Chiara_Civello_Last_Quarter_Moon Chiara Civello / Last Quarter Moon

 ここ1週間毎日のように聞いているキアラ・シヴェロのデビュー作品。特にボサノヴァ・アレンジがたくさんあって実に心地よいアルバムなのですね。ポップだけれどしっとりした情感、優しく自然な声質に和みます。恋心や傷心が静かにゆっくりと癒されることでしょう。今夜も厳冬の中、自宅で一人キアラの歌を聴きながらゆっくりと溶けていきます。パーソネルは、キアラ・シヴェロ (vo)他。2004年NY録音。Verve。

 キアラ・シヴェロ(1975〜)はローマ出身。バークレー音楽院に学び、辣腕プロデューサーのラス・タイトゥルマンと知り合って米国でデビュー。英語、イタリア語だけでなく、ポルトガル語でボサノヴァも歌います。作詞作曲もこなす。

 ラスト・クオーター・ムーンとは21夜から23夜の頃の月のことを示しており、始めの終わり、終わりの始まりといった意味を持つ。キアラ自身が月暦からヒントを得て命名したとのこと。

 私の場合、想い出は音楽と繫がります。このキアラ・シヴェロのデビュー作はずっと記憶に残る希少な一枚になることでしょう。淡く儚いけれど素敵な恋の記憶。人を好きになることは人生の贈り物。結末はたいてい辛く悲しいけれど、心が大きく揺れる一瞬の喜びは生の輝かしい瞬間。

 届かない熱い想いは自分の中の奥深いどこかに昇華して結晶を形作ります。その結晶化された純粋な感情は生きることの素晴らしさを改めて実感させてくれることでしょう。甘く切なく、そして辛い、けれど、熱い感情の高まりの感覚はずっと長く身体の中に快い記憶として宿ります。

 キアラ・シヴェロの歌と音楽を聴いていると、そうした切ない負の想いがプラスの方向にじんわりと転化されていくのが実感できます。純粋な心が静かに全体を覆って、生きていることそれ自体が安らぎに満ちた幸せなものであることを感じさせてくれます。
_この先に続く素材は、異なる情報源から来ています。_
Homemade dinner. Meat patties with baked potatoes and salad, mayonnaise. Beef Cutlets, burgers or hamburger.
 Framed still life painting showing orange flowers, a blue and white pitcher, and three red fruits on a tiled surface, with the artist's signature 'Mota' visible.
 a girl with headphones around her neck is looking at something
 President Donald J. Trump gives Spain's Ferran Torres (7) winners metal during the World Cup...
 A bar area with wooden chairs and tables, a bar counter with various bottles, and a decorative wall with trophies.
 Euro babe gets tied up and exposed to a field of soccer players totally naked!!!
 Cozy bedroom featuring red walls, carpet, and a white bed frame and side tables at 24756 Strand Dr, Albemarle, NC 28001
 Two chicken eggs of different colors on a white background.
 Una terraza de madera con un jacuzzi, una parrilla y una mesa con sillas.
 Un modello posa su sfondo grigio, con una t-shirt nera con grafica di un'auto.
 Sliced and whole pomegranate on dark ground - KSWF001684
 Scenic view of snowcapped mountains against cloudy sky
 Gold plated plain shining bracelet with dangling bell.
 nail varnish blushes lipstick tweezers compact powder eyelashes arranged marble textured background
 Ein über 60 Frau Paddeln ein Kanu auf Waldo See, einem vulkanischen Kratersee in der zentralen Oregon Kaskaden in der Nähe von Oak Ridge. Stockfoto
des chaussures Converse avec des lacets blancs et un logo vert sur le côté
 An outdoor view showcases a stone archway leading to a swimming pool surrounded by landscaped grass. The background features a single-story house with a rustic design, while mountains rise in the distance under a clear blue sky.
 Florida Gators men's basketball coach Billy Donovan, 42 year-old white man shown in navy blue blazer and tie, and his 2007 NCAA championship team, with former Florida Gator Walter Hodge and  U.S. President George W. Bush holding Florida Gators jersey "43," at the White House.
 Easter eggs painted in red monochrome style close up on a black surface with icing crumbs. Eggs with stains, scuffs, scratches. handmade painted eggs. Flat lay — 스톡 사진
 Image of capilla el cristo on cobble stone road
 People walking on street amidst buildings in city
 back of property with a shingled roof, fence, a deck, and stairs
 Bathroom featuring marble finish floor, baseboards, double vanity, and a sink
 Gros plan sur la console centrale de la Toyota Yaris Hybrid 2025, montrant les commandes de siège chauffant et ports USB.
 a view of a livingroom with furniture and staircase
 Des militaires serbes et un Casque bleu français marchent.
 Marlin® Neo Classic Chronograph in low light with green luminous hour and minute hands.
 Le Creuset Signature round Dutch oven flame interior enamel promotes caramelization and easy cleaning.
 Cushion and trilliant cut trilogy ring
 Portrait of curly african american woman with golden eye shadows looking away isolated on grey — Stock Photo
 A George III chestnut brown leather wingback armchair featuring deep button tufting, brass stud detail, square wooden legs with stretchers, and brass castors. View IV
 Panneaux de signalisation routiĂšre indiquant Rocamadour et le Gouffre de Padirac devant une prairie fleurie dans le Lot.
 全14曲。最後の2曲はボーナス・トラック。静かな夜に静かに一人聴く音楽。後半のボサノヴァ・アレンジの曲が特に素敵です。鎮静で美しい歌の5曲目、生を謳歌する7曲目、悲しくも美しいボサノヴァの11曲目など。実に素晴らしい心あるアルバムですね。

1. Here Is Everything
2. The Wrong Goodbye
3. Ora
4. Caramel
5. Parole Incerte
6. Last Quarter Moon
7. Nature Song
8. In Questi Giorni
9. Sambaroma
10. Trouble
11. Outono
12. I Won't Run Away
13. Beijo Partido
14. Sambaroma(Extended Version)

Chiara Civello (vo), Miguel Zenon (as), Alaine Mallet (p), Adam Rogers (g), James Genus (b), Clarence Penn (ds), Ben Street (b), Mike Mainieri (vib), Russ Titelman (prod).